Instructions to follow »
The records below hold a stretch from the line with "Banff National Park" through the line with "10 artis malaysia"; return exactly those lines, ends included, and nothing more.

-------------------------

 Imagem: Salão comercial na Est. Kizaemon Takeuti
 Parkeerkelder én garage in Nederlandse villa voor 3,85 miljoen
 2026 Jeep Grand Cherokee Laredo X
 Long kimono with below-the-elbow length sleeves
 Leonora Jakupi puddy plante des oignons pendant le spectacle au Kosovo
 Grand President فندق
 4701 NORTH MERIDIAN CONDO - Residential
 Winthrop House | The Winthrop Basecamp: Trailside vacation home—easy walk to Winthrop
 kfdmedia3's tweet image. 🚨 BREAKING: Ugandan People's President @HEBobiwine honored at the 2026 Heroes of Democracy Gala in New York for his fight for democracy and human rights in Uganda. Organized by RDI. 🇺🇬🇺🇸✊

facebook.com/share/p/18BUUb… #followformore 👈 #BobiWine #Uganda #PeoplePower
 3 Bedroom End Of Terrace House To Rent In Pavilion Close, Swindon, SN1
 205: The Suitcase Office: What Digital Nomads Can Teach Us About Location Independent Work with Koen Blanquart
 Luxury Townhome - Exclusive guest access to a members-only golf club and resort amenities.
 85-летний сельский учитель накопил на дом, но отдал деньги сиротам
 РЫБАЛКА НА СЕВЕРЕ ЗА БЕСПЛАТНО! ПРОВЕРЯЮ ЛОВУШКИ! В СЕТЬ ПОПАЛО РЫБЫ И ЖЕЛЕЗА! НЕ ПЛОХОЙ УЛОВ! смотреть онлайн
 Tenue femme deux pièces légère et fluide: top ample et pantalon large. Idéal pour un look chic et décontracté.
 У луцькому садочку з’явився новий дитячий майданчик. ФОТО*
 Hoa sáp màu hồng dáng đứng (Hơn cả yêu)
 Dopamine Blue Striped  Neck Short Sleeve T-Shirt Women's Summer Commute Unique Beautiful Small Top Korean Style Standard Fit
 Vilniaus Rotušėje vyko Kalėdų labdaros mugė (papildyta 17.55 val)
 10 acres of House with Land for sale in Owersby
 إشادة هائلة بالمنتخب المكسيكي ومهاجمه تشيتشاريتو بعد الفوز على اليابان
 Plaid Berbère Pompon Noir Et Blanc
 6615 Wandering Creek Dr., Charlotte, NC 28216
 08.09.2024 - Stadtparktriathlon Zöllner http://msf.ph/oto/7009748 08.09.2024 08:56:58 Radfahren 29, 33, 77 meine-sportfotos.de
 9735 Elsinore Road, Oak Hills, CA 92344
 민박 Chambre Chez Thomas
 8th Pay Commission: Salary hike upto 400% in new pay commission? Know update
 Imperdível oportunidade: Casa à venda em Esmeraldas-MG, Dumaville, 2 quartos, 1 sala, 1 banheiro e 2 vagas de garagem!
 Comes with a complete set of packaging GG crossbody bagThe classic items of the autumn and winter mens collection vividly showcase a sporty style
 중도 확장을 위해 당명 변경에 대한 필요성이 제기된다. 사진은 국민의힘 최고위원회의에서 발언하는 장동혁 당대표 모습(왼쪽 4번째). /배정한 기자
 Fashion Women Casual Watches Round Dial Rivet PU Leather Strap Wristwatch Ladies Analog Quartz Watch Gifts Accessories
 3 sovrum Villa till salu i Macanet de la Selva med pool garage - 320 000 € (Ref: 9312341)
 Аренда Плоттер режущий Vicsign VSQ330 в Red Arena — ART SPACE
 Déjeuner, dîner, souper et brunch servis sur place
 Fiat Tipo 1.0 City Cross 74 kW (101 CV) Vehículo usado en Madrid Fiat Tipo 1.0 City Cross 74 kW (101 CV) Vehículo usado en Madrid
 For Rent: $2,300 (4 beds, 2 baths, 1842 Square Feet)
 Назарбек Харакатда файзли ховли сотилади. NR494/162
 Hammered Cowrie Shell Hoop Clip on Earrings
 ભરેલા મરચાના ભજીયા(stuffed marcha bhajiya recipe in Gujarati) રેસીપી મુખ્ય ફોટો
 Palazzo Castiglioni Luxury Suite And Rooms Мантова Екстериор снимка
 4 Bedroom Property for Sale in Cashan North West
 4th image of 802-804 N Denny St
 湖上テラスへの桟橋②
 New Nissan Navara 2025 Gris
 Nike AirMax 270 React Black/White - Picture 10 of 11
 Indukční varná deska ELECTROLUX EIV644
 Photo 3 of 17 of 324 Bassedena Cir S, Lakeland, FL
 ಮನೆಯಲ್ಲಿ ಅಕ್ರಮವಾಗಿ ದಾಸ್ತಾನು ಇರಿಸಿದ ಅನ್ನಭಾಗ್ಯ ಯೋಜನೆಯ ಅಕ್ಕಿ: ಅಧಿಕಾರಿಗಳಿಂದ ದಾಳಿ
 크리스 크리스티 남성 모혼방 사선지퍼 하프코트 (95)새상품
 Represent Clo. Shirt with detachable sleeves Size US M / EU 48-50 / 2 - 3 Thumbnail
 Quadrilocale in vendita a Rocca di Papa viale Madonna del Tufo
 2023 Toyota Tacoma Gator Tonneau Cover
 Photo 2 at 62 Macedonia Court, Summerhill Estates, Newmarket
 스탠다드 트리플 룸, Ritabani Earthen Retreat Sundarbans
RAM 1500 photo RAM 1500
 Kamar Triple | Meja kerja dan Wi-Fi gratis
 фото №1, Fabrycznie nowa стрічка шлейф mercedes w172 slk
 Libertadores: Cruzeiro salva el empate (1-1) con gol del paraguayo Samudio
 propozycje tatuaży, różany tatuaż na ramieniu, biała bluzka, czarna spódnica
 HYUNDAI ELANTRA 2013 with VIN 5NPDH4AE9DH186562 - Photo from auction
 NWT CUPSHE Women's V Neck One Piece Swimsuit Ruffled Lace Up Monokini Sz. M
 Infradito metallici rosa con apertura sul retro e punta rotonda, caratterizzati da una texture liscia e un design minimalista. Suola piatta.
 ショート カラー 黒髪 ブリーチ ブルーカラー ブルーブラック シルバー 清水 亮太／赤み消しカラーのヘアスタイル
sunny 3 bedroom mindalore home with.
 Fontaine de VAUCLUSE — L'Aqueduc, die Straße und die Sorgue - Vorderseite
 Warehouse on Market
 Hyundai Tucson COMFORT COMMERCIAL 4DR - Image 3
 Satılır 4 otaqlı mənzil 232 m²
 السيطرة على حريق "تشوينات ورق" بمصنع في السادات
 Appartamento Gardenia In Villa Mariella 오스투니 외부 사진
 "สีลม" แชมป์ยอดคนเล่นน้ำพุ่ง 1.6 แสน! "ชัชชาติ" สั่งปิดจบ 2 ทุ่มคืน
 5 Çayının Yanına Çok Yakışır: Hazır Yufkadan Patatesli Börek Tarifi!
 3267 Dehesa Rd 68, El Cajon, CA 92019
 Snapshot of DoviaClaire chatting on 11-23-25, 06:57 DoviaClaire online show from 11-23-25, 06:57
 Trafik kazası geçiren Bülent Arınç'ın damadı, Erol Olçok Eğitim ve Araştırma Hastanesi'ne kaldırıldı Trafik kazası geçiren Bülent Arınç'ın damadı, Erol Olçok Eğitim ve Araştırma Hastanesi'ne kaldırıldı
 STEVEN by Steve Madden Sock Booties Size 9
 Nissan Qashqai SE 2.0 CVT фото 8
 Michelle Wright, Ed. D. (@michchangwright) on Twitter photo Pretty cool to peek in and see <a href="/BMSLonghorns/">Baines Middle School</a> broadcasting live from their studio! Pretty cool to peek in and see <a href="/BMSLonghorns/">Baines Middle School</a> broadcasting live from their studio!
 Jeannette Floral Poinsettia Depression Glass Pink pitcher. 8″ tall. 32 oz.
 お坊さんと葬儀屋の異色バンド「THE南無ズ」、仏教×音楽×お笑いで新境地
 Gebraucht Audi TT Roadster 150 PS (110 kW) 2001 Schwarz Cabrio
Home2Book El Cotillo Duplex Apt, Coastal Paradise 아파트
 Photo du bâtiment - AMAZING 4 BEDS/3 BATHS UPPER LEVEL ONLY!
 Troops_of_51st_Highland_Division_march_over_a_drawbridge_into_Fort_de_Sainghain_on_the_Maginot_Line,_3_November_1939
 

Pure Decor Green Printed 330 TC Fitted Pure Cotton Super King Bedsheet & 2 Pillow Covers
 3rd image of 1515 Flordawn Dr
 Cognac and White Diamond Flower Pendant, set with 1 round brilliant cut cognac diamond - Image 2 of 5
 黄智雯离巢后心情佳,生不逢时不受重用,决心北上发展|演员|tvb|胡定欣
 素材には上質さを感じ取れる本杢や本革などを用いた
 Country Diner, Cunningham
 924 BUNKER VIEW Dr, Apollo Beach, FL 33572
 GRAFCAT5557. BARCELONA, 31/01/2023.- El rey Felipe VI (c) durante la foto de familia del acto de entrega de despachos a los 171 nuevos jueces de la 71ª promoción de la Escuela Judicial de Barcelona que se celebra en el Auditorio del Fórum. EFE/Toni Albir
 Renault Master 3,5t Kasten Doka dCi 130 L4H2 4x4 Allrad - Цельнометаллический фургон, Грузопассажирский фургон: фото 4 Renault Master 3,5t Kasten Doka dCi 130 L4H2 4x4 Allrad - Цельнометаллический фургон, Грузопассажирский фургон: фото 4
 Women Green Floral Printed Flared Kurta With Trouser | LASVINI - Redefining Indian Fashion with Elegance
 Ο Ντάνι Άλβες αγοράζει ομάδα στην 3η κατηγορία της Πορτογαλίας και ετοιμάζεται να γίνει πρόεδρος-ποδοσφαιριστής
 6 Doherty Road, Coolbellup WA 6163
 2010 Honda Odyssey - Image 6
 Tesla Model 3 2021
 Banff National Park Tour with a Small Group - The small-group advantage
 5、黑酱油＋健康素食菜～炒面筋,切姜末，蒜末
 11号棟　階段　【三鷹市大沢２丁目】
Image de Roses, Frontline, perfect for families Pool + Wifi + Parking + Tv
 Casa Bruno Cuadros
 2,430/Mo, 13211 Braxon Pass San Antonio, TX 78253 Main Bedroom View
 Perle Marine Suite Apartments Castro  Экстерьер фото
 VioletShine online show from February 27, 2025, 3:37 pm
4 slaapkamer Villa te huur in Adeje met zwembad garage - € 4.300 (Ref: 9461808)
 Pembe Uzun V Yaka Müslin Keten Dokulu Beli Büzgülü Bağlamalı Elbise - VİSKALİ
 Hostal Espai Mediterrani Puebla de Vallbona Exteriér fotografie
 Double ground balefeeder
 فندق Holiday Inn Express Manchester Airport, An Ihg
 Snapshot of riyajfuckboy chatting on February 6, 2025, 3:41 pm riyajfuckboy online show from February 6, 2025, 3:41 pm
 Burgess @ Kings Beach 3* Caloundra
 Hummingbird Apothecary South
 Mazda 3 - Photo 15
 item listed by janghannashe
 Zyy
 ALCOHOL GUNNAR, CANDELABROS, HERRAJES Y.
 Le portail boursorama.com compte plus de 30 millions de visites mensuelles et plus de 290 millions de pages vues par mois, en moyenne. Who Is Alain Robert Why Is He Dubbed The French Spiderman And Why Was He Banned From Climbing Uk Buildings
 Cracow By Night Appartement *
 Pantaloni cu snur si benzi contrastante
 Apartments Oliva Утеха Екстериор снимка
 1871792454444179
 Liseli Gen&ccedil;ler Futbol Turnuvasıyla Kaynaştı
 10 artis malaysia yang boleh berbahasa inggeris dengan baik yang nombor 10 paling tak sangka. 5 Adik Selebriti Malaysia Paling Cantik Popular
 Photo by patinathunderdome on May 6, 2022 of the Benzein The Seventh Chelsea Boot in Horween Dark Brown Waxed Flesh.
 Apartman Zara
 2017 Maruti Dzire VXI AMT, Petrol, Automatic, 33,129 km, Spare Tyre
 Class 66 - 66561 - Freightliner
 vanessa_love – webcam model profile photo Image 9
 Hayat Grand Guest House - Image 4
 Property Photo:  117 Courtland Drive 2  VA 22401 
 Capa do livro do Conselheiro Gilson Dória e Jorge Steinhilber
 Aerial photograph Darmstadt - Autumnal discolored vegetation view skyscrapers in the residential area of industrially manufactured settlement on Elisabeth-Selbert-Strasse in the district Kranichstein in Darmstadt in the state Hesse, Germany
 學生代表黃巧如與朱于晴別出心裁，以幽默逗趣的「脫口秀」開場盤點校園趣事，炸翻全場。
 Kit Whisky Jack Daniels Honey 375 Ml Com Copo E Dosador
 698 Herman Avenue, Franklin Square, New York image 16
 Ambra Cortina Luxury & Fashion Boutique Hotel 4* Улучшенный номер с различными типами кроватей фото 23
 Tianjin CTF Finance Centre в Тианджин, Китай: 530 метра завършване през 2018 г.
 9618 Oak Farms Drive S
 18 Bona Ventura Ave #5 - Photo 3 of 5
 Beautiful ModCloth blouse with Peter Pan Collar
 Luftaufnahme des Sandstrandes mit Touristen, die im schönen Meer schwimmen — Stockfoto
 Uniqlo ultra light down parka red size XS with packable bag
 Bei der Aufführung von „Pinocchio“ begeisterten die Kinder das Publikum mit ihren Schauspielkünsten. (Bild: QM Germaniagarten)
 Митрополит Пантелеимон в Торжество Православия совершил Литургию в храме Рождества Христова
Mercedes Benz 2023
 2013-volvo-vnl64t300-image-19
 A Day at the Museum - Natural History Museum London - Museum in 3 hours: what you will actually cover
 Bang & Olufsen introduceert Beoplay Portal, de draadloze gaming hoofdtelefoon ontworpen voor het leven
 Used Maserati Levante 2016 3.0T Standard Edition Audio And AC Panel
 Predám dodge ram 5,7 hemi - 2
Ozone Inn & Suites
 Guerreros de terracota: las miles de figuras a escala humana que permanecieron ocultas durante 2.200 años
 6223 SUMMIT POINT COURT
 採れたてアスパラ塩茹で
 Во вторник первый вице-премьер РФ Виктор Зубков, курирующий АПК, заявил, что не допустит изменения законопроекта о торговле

-------------------------

Solution for this exercise »
 Banff National Park Tour with a Small Group - The small-group advantage
 5、黑酱油＋健康素食菜～炒面筋,切姜末，蒜末
 11号棟　階段　【三鷹市大沢２丁目】
Image de Roses, Frontline, perfect for families Pool + Wifi + Parking + Tv
 Casa Bruno Cuadros
 2,430/Mo, 13211 Braxon Pass San Antonio, TX 78253 Main Bedroom View
 Perle Marine Suite Apartments Castro  Экстерьер фото
 VioletShine online show from February 27, 2025, 3:37 pm
4 slaapkamer Villa te huur in Adeje met zwembad garage - € 4.300 (Ref: 9461808)
 Pembe Uzun V Yaka Müslin Keten Dokulu Beli Büzgülü Bağlamalı Elbise - VİSKALİ
 Hostal Espai Mediterrani Puebla de Vallbona Exteriér fotografie
 Double ground balefeeder
 فندق Holiday Inn Express Manchester Airport, An Ihg
 Snapshot of riyajfuckboy chatting on February 6, 2025, 3:41 pm riyajfuckboy online show from February 6, 2025, 3:41 pm
 Burgess @ Kings Beach 3* Caloundra
 Hummingbird Apothecary South
 Mazda 3 - Photo 15
 item listed by janghannashe
 Zyy
 ALCOHOL GUNNAR, CANDELABROS, HERRAJES Y.
 Le portail boursorama.com compte plus de 30 millions de visites mensuelles et plus de 290 millions de pages vues par mois, en moyenne. Who Is Alain Robert Why Is He Dubbed The French Spiderman And Why Was He Banned From Climbing Uk Buildings
 Cracow By Night Appartement *
 Pantaloni cu snur si benzi contrastante
 Apartments Oliva Утеха Екстериор снимка
 1871792454444179
 Liseli Gen&ccedil;ler Futbol Turnuvasıyla Kaynaştı
 10 artis malaysia yang boleh berbahasa inggeris dengan baik yang nombor 10 paling tak sangka. 5 Adik Selebriti Malaysia Paling Cantik Popular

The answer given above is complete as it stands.